Je terminerai en disant : Nous avons, et ça, j'ai beaucoup d'attentes par rapport à ça, dans le cadre de ces forums-là, entendu que déjà les agressions sexuelles ou les violences sexuelles, c'est dur pour toutes les femmes, mais qu'il y a des femmes pour qui c'est encore plus dur. Pourquoi? Parce qu'elles en sont plus victimes. On pense tout de suite aux femmes autochtones. Il y a quelque chose qu'il faut, dans notre savoir québécois, dans notre stratégie québécoise, qu'on adresse de façon particulière pour aider à éliminer les violences faites aux femmes autochtones. Les femmes racisées sont celles qui sont ciblées, c'est celles qui, dans les faits, vivent plus de violence et une violence plus muette, plus derrière les portes. Des femmes handicapées, hein? Encore hier soir on apprenait que plus que 40 % des femmes avec un handicap sont victimes d'agressions sexuelles, il faut agir, et bien sûr les femmes trans et les femmes trans racisées encore plus que les autres.

Alors donc, voilà, demain, je vais être à l'écoute, mais ma grande question, ça va être : Combien? Combien d'argent? Il y a un surplus de 4 milliards actuellement au Québec, et ce surplus-là ne peut pas ne pas être investi, entre autres, au niveau de la stratégie gouvernementale en matière de lutte et de prévention des violences sexuelles.

M. Bélair-Cirino (Marco) : Mme David, quelle est l'importance de la stratégie qui sera annoncée demain matin?

Mme David (Gouin) : Capitale. Ce n'est pas compliqué, là, si cette stratégie est insuffisante, si elle ne répond pas aux attentes des groupes de femmes et de toutes les intervenantes dont Manon a parlé, s'il n'y a pas d'argent, tout le monde va comprendre que le gouvernement du Québec ne prend pas du tout à coeur la question des agressions sexuelles. L'enjeu, là, il est capital. Et je pense que, demain, toutes les femmes du Québec vont être au rendez-vous, vont vouloir savoir. Le rôle des médias va être très important, d'ailleurs. Nous allons vouloir savoir si ce gouvernement est sérieux en matière d'agressions sexuelles. C'est le test ultime demain. C'est aussi important que ça.

M. Bélair-Cirino (Marco) : Vous aviez dénoncé, au cours des derniers jours, vendredi dernier notamment, que l'austérité, notamment les coupes dans les programmes voués aux femmes puis, bon, de façon plus précise, pour contrer les violences sexuelles avaient fait des dommages importants. Donc, j'imagine que vous êtes en mesure de le réitérer aujourd'hui. Mais est-ce que ça prend, dans le fond, des investissements importants? Puis en même temps on ne peut pas quand même effacer les dommages qui ont été faits au cours des dernières années.

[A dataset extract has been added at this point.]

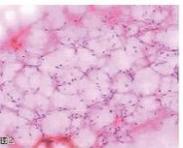 間充質(zhì)軟骨肉瘤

Mme Massé : Bien, vous avez absolument raison. Ce qu'il va falloir être à l'écoute demain, c'est que ce gouvernement-là, dans ses compressions budgétaires des dernières années, a coupé énormément d'argent qui allait directement dans les groupes de femmes, notamment, vous parliez, en matière d'exploitation sexuelle. Le gouvernement de M. Couillard a aboli un programme dans lequel il y avait 5 millions sur trois ans, de façon spécifique, orienté contre les agressions sexuelles auprès des adolescentes. Ce programme-là a été aboli. Parce qu'on a fait des pressions, parce qu'il s'est passé ce qu'il s'est passé au niveau des centres jeunesse, le gouvernement est revenu avec un programme qui, là, a 3 millions sur cinq ans, mais qui ne s'adresse plus du tout à la même affaire.

Alors, demain, nous allons être très vigilantes pour faire ces comparatifs des budgets qui ont été coupés versus ceux qu'on espère qui vont être réinvestis, mais on ne se laissera pas avoir avec de la poudre aux yeux. Tu sais, on a bien beau nous annoncer un réinvestissement... Par exemple, dans ce programme-là, ce qu'a fait le ministre de la Sécurité publique, il a dit : Nous allons investir 3 millions sur cinq ans. Aïe! C'est parce qu'avant il y en avait 5 millions sur trois ans. Et c'est là-dessus qu'on va être vigilantes demain. Parce que la ministre m'a dit en Chambre, vous l'avez entendue, qu'elle n'arriverait pas seulement avec la stratégie, mais qu'elle arriverait aussi avec les budgets, et on va être vigilantes là-dessus.

M. Bélair-Cirino (Marco) : Voilà. La question s'adresse au gouvernement, mais comment expliquez-vous le délai ou la préparation aussi longue de cette stratégie-là?

Mme Massé : La question s'adresse vraiment au gouvernement parce que, depuis les auditions, le forum, tout ça, a eu lieu l'an dernier, en 2015. Nous avions déjà terminé au début, début septembre 2015. Je suis incapable sinon que de dire qu'entre septembre et octobre 2015 il y a eu un changement d'une ministre, mais ça ne devrait pas arrêter une machine qui écrit des bilans de plans d'action. Je n'ai aucune idée. Ce que je sais... Ce qui me porte à croire... Et là-dessus c'est important, les mouvements qui se passent actuellement comme Sans oui, c'est non!, c'est des mouvements sociaux qui viennent mettre des pressions sur le gouvernement. Est-ce que Mme Thériault avait déjà prévu de déposer sa stratégie avec les budgets vendredi cette semaine? Allez la questionner. Je n'en ai aucune espèce d'idée. Ce que je sais, juste par exemple, c'est qu'elle savait très bien que, là, on n'attendrait plus, que ça ne se pouvait pas. Ça aurait pu être déposé vendredi passé, là. La semaine passée, à Laval, c'était le même cri du coeur. C'est assez. Donnons-nous les moyens et nous avons ici, au Québec, des choses qui s'appellent notamment une stratégie. Ça fait que je ne le sais pas.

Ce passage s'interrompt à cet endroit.